## DATA EXTRACTS:
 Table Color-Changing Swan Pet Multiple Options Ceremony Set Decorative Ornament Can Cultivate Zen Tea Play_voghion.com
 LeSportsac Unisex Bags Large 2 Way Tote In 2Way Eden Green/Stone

* * *

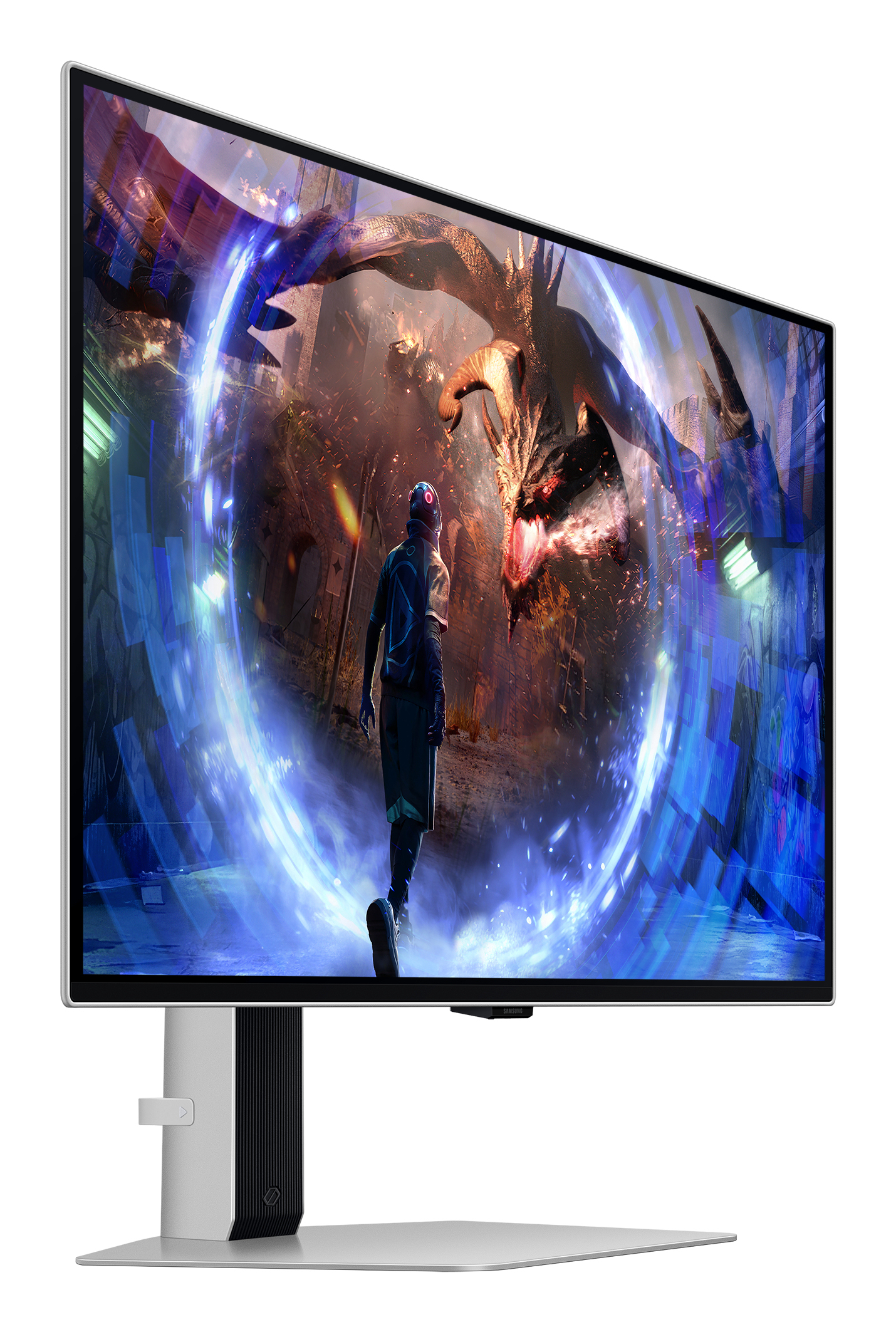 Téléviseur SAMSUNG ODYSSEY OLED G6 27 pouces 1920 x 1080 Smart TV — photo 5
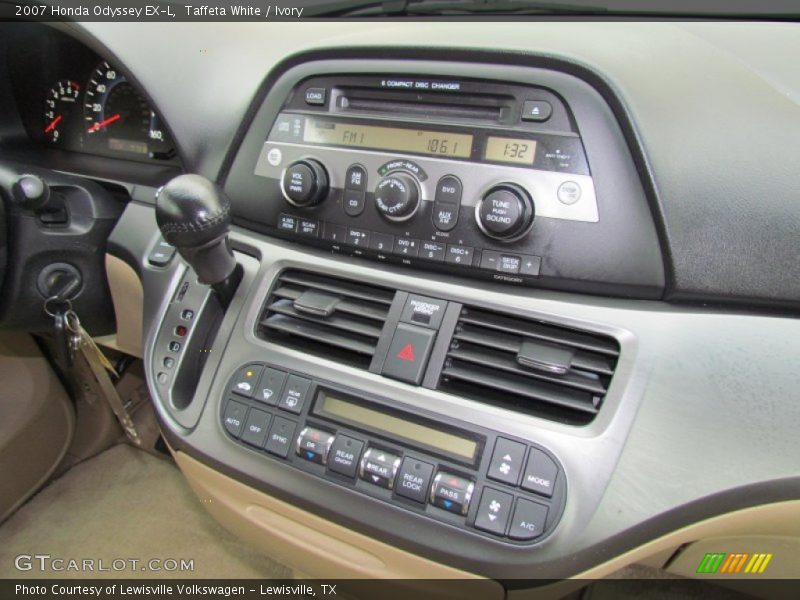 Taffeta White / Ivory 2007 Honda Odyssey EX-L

--

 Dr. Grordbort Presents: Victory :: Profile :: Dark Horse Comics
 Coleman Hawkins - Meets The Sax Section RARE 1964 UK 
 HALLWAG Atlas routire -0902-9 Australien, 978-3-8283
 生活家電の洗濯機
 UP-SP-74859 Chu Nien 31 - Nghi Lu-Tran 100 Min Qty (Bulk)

## TASK DETAILS:
Where the listing above has a line with "HALLWAG Atlas routire", start there, and output every line exactly through the line with "UP-SP-74859 Chu Nien", which is also included.

## RESPONSE BELOW:
 HALLWAG Atlas routire -0902-9 Australien, 978-3-8283
 生活家電の洗濯機
 UP-SP-74859 Chu Nien 31 - Nghi Lu-Tran 100 Min Qty (Bulk)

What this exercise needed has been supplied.